Germany's Chancellor Angela Merkel pledged her support to keep Greece inside the eurozone as protests to mark her first visit to Athens since the sovereign debt crisis turned violent

In a press statement prior to a six-hour meeting with Prime Minister Antonis Samaras, her visit official visit to the recession-hit economy since 2007, Merkel praised the efforts of the coalition government to deliver fiscal and structural reforms but warned that there was more hard work ahead and that one single aid tranche would not solve the nation's longer-term problems.

"There has been progress in Greece ... a lot has been accomplished," said Merkel. "Recently, reforms have been sped up although there is still room for things to improve.
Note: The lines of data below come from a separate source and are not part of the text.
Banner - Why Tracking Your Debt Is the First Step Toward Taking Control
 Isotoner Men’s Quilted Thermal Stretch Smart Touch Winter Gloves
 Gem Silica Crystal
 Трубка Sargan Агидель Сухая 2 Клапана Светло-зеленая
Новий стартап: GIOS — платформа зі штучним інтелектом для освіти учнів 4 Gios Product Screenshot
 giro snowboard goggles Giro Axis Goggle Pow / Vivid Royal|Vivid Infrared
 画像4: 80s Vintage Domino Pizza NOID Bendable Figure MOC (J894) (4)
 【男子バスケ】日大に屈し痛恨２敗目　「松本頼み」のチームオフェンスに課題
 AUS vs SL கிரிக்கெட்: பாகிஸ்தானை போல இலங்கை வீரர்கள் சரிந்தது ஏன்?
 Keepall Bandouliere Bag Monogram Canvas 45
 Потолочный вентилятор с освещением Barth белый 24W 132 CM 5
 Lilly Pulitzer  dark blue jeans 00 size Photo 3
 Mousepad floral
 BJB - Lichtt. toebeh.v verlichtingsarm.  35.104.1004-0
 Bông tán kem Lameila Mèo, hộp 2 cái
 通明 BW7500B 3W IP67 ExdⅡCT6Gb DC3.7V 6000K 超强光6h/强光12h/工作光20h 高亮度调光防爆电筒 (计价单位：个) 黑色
These are tough measures but they are the right ones. I want Greece to remain in the eurozone."

Greece is "bleeding", said Samaras, but determined to stay inside the single currency.

"What's left for us to do is mostly structural measures to make the country more competitive. We're trying to turn the page," he said.

The visit, the first by a German chancellor since 2007, was marred by violence in and around the capital of Athens as police fired teargas and stun grenades on demonstrators in Syntagma Square as they attempted to break though barricades and reach the Merkel delegation as it entered Samaras' offices near the square.

Local media reports suggested that dozens of protesters had been arrested and several hundred more detained as tens of thousands gathered as part of a coordinated national strike to protest what many feel are crippling demands for public spending cuts in exchange for financial aid from the International Monetary Fund and the European Union.

Samaras and his coalition partners are in the final stages of negotiation with lenders from the IMF, EU and the European Central Bank on the release of around €31.5bn in financial aid as part of the terms agreed with the so-called Troika last spring. Lenders have asked for iron-clad commitments on spending cuts and austerity measures worth at least €12bn in order to disperse the cash - originally slated for July. Samaras and his government are said to have reached consensus on around €9bn in pledges.

"The next loan tranche is absolutely necessary for the Greek economy," said Merkel. "But I am not here in the role of school mistress, to award marks and we are not the Troika."

The IMF said it expects Greece to miss its five-year debt reduction targets as its economy slide further into recession next year, according to its most recent monitoring report, released earlier Tuesday. The Fund expects debt will rise to around 153 percent of GDP by 2017 compared to a goal of around 137.3 percent. Greece is also expected, under terms of its €240bn bailout to begin generating primary fiscal surpluses of around 4.5 percent of GDP by 2014.